Exercise aim:
Pictures stay out of the output. Return exactly the lines below from the one with "Сдаю 2-комнатную квартиру, 53" down to the one with "Vintage Gucci by", both included, and nothing more.

Record excerpts:

>>>

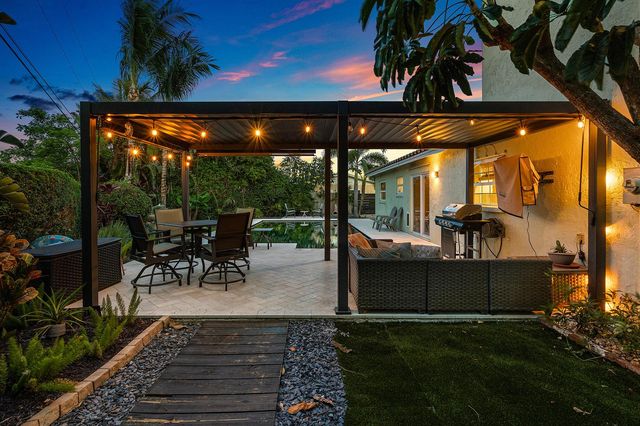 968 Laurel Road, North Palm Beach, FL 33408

<<<
>>>

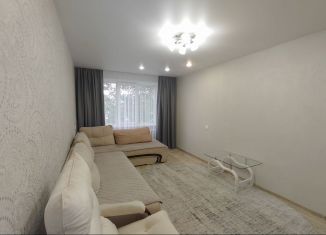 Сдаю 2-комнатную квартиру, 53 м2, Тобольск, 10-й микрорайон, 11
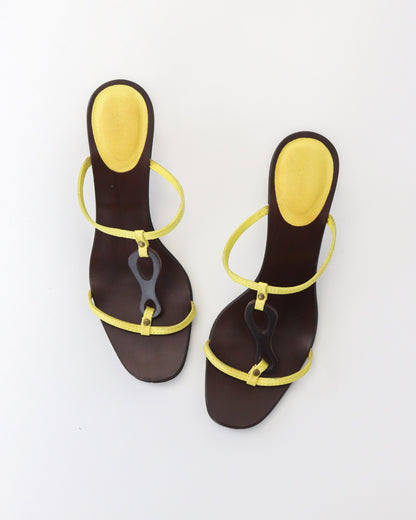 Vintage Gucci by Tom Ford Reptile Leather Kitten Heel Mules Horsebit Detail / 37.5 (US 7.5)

<<<
>>>

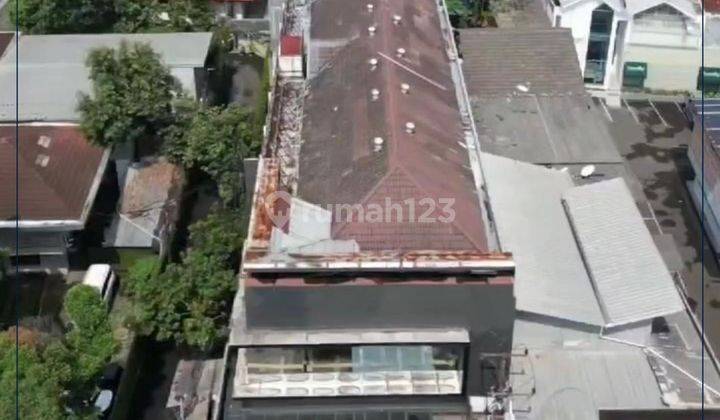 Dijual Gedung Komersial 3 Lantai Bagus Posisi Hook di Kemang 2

<<<

Task response:
 Сдаю 2-комнатную квартиру, 53 м2, Тобольск, 10-й микрорайон, 11
 Vintage Gucci by Tom Ford Reptile Leather Kitten Heel Mules Horsebit Detail / 37.5 (US 7.5)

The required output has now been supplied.